### Your objective
Starting with the line that contains "Hello, my name" and stopping after the line that contains "In another beaker, dissolve", copy the entries below exactly. Include nothing else.

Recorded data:
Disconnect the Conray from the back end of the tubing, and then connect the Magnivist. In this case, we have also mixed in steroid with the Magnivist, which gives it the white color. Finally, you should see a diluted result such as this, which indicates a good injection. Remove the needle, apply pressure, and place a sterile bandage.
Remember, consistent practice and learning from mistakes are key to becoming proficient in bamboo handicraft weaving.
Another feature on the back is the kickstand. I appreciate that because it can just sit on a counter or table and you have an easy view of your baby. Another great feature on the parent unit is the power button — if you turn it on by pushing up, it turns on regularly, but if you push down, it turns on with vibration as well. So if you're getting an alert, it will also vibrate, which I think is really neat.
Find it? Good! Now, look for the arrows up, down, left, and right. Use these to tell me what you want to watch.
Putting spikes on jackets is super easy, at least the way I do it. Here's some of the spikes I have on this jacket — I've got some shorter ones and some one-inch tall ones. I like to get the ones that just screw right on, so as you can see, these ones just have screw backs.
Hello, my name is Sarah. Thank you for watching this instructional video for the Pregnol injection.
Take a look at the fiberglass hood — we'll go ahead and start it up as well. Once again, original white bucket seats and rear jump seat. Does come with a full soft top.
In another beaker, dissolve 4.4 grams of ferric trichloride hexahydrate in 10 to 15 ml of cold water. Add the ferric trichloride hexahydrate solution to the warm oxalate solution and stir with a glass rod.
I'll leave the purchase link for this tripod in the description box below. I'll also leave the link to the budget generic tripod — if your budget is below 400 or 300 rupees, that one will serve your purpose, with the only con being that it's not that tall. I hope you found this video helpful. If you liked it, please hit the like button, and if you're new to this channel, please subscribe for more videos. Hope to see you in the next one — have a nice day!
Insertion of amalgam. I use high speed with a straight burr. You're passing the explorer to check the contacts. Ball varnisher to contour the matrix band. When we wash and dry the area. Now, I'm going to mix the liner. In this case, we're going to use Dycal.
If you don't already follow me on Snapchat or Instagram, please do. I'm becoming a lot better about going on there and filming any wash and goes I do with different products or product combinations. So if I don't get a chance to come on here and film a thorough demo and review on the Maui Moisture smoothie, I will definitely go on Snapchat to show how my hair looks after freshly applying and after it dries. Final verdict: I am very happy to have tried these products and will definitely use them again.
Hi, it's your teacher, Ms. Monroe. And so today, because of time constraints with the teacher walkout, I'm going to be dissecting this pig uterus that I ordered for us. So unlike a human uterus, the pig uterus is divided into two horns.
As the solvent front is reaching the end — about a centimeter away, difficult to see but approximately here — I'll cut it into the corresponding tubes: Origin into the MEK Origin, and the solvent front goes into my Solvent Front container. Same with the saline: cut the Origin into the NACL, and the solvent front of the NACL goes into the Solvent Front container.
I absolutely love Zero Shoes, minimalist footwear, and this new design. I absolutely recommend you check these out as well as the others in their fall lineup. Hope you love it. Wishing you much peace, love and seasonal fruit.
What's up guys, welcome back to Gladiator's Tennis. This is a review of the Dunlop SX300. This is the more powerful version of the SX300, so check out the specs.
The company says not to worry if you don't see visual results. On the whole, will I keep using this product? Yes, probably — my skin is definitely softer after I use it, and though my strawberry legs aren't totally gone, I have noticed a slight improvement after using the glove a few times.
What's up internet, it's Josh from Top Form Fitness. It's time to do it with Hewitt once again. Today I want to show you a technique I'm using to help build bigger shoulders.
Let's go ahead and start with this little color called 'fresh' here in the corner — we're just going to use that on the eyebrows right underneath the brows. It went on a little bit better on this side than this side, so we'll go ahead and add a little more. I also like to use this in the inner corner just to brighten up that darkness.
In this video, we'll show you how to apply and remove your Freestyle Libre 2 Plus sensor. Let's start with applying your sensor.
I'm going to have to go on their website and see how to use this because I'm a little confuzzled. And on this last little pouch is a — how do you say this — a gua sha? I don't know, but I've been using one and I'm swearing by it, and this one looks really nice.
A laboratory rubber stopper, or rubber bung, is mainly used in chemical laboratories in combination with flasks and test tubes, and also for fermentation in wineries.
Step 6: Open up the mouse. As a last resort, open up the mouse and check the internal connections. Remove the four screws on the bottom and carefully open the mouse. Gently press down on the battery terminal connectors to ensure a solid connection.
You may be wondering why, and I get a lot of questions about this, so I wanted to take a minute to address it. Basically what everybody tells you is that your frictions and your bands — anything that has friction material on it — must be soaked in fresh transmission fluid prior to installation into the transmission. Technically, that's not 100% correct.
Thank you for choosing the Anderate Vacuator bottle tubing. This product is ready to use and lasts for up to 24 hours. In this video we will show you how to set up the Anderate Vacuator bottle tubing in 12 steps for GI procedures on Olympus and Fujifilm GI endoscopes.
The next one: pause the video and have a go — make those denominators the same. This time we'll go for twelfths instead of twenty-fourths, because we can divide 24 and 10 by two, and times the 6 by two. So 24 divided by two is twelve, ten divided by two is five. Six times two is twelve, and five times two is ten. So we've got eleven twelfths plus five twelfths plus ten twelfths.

### Completed task
Hello, my name is Sarah. Thank you for watching this instructional video for the Pregnol injection.
Take a look at the fiberglass hood — we'll go ahead and start it up as well. Once again, original white bucket seats and rear jump seat. Does come with a full soft top.
In another beaker, dissolve 4.4 grams of ferric trichloride hexahydrate in 10 to 15 ml of cold water. Add the ferric trichloride hexahydrate solution to the warm oxalate solution and stir with a glass rod.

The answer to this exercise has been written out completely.